▸ Exercise requirements:
With the pictures removed, retype the lines from the one holding "Shiba Inu cute" through the end of the records, exactly as written.

▸ Captioned web image data:

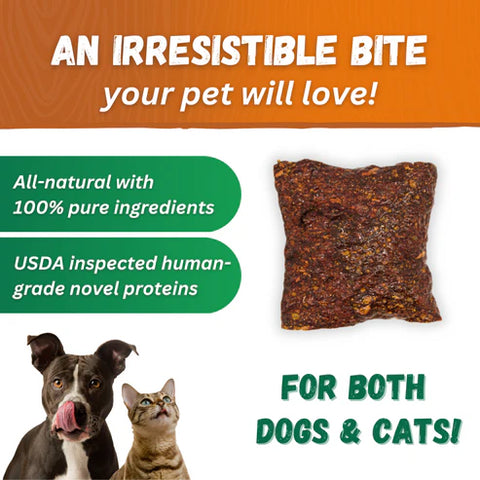 Dr. Becker's Gut/GI Solutions Shaker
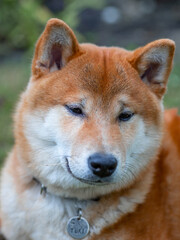 Shiba Inu cute smiling dog playing and having fun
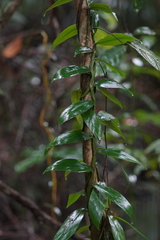 Rhaphidophora hongkongensis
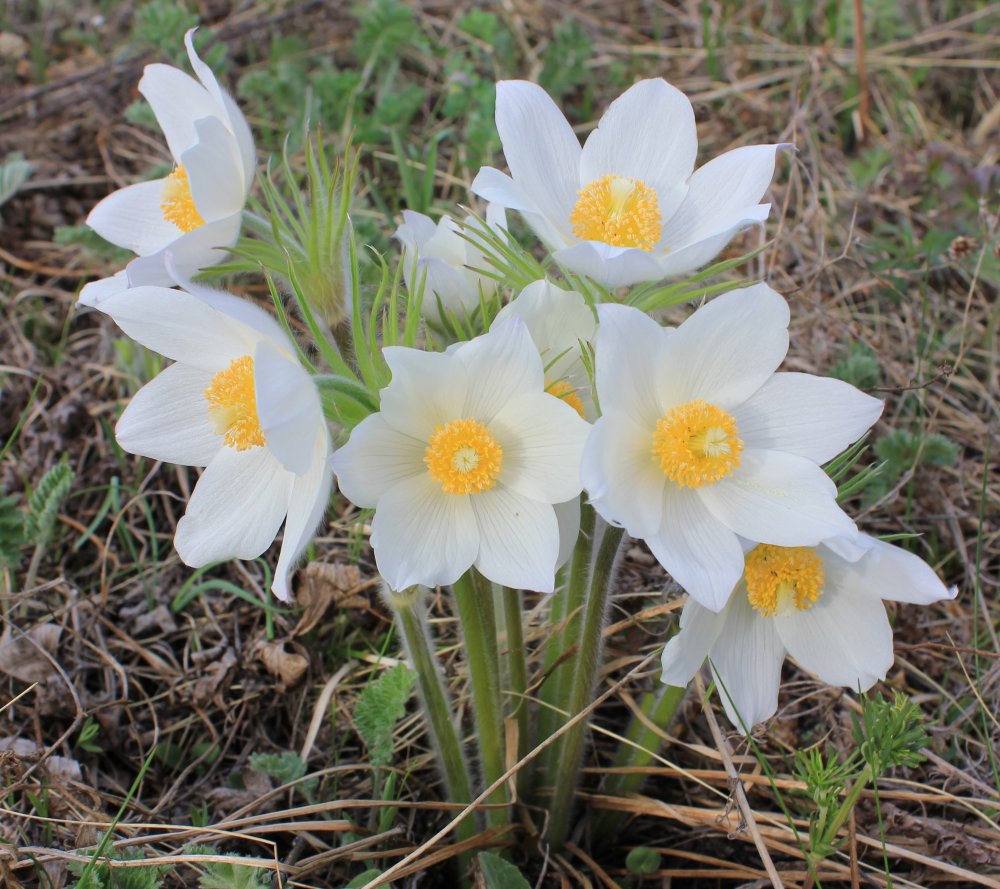 Изображение особи Pulsatilla multifida.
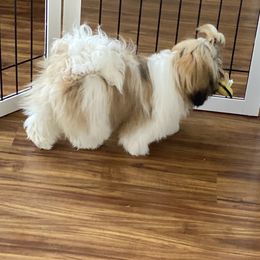 Shih Tzu Puppies from Willow Lane Shih Tzus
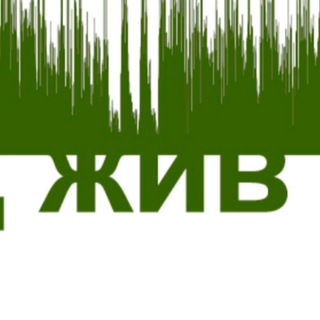 Telegram profile photo for Перевод жив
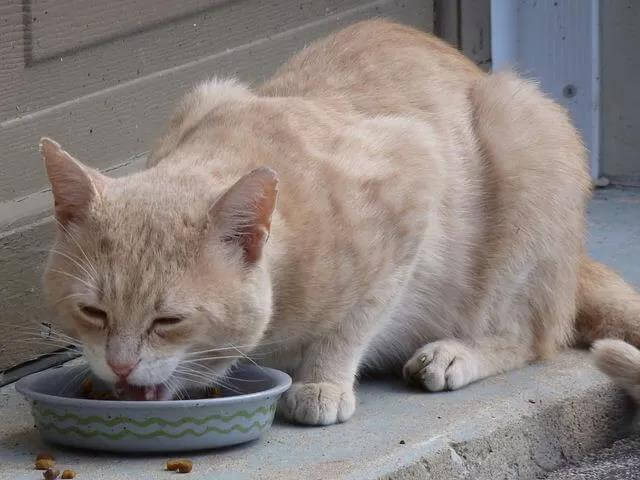 （猫咪应该吃干粮还是湿粮）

▸ Exercise response:
 Shiba Inu cute smiling dog playing and having fun
 Rhaphidophora hongkongensis
 Изображение особи Pulsatilla multifida.
 Shih Tzu Puppies from Willow Lane Shih Tzus
 Telegram profile photo for Перевод жив
 （猫咪应该吃干粮还是湿粮）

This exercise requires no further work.